There are now calls for closer scrutiny of large UK private firms in order to "prevent another BHS"

There are now calls for closer scrutiny of large UK private firms in order to "prevent another BHS"

The UK's Work and Pensions Committee is calling for the corporate governance requirements for public listed companies to be extended to large private firms in order to prevent another collapse similar to that of retail chain BHS.

In response to the Government's consultation on corporate reform, the Committee yesterday (12 February) published a report calling for company directors to have a new duty to pension schemes, and for Insolvency Service reports to be published whenever there is "significant" public interest.

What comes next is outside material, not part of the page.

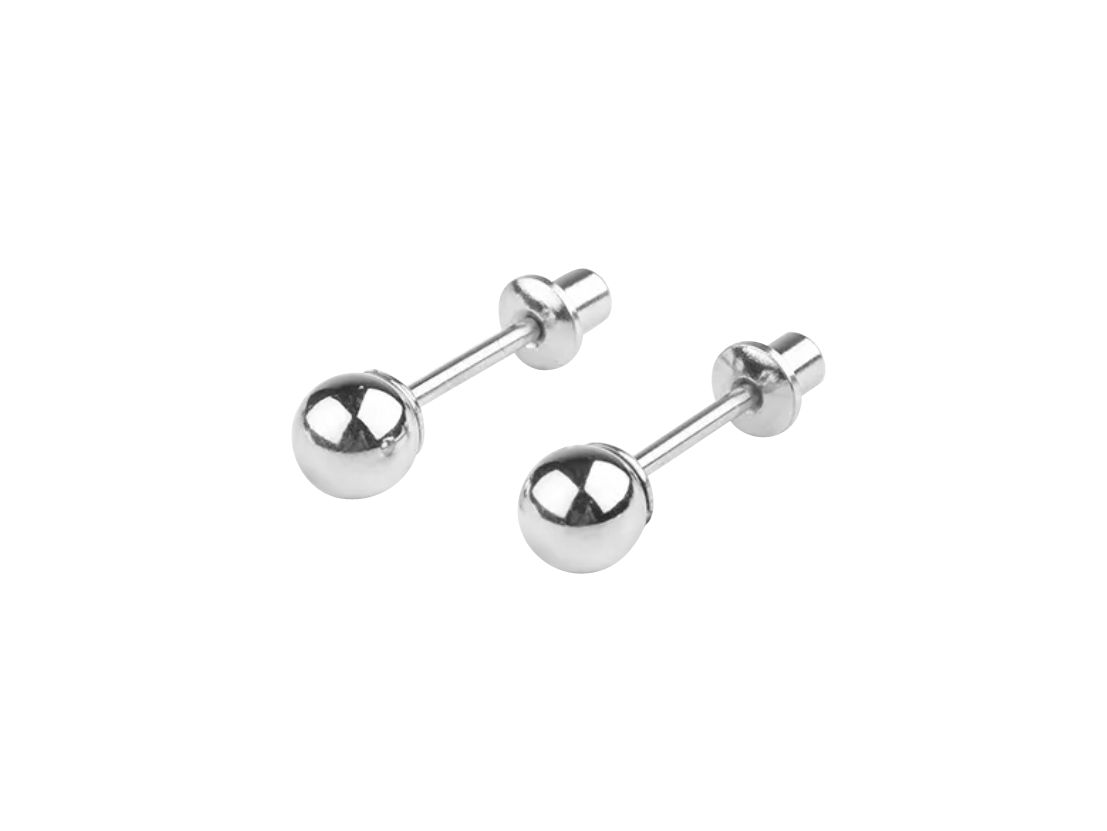 A pair of polished surgical steel 4mm ball stud earrings with screw backs.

It says private firms with more than 5,000 defined benefit pension scheme members should abide by the Financial Reporting Council's (FRC) Corporate Governance Code on a comply or explain basis. A report by the Committee lists the top 30 largest private companies in the UK, with many household names like John Lewis, Clarks, Matalan, River Island, and the Arcadia Group falling under these parameters.

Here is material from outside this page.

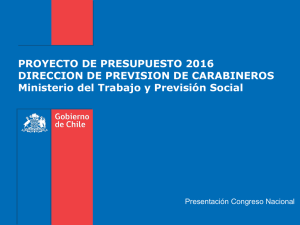 PROYECTO DE PRESUPUESTO 2016 DIRECCION DE PREVISION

A joint inquiry into the collapse of BHS and the origins of its huge pension scheme deficit was set up by the Committee in April last year. BHS was a private company but the effects of its collapse spanned widely: not least to its thousands of employees and pensioners.

The fashion retail group, owned by Retail Acquisitions, had operated 163 UK stores, with 15 franchise partners operating a further 72 stores in 19 countries. It began winding down in June after more than eight decades of trading, resulting in the loss of up to 11,000 jobs.

Multiple offers were made for the apparel and homewares retailer, but none were able to complete a deal due the working capital required to secure the future of the company. BHS was burdened with a GBP571m pension deficit.

Committee chair and MP Frank Field said: "For a company with a big social and economic footprint like BHS it is simply not enough to be accountable to shareholders – particularly when one shareholder owns most of the stock. The sorry tale of its sale and collapse, putting 11,000 people out of work and leaving a pension fund GBP571m in the red, with 20,000 pensioners facing an uncertain financial future, was a result of gross failures of corporate governance.

"Would the story have played out the same way if its directors had to be open about the financial decisions they were making for its future? The finances and leadership of a company with so many people depending on it should be open to scrutiny."